Description of the task => Return each line of the data below exactly, omitting any pictures.

Data =>
· · ·

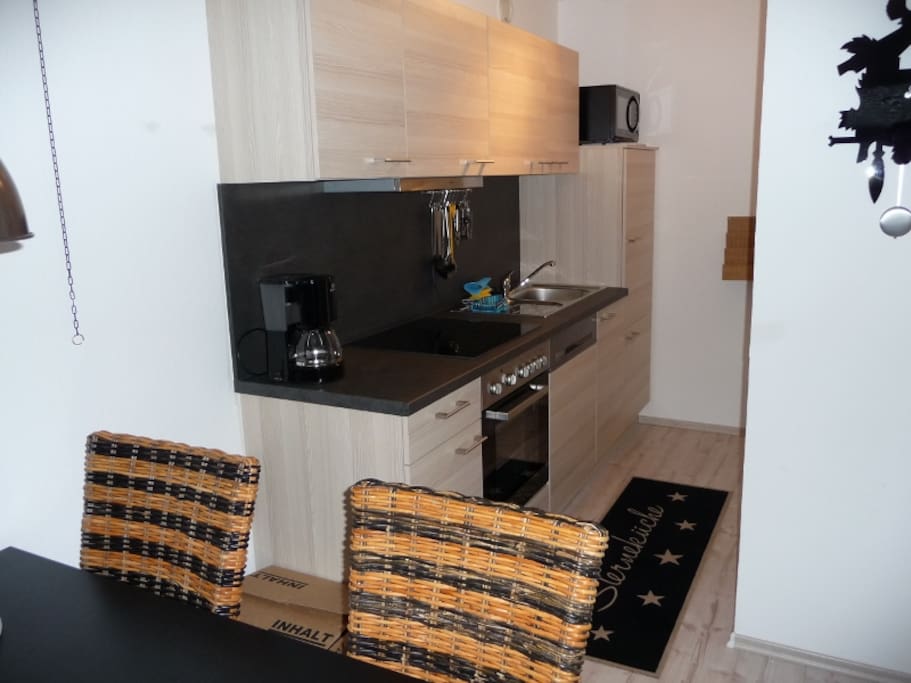 Küche mit Mikrowelle, Backofen, Geschirrspülmaschine, Kaffeemaschine,
Toster und allen Kochutensilien
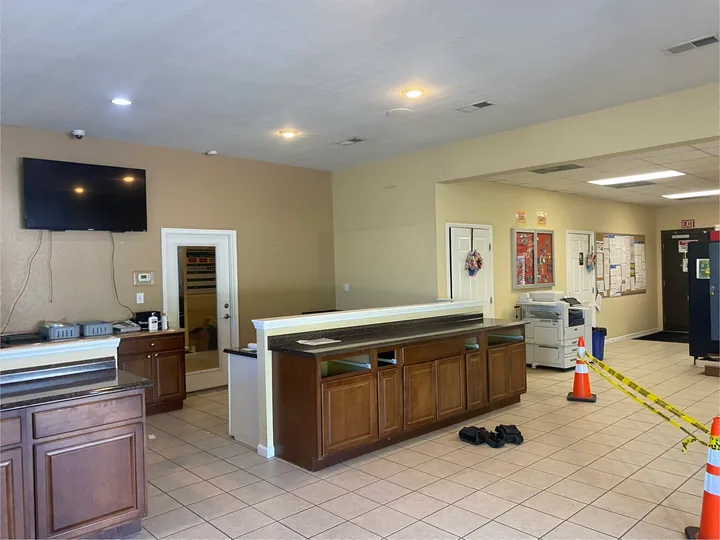 Commercial counter area beside interior partitions and ceiling lights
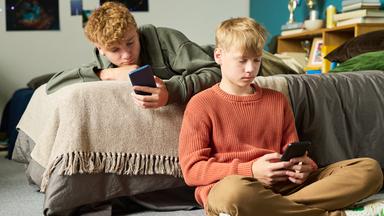 Ein Junge liegt auf einem Bett, ein anderer lehnt daran. Beide schauen auf ihr Smartphone.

· · ·

Answer to this exercise =>
 Küche mit Mikrowelle, Backofen, Geschirrspülmaschine, Kaffeemaschine,
Toster und allen Kochutensilien
 Commercial counter area beside interior partitions and ceiling lights
 Ein Junge liegt auf einem Bett, ein anderer lehnt daran. Beide schauen auf ihr Smartphone.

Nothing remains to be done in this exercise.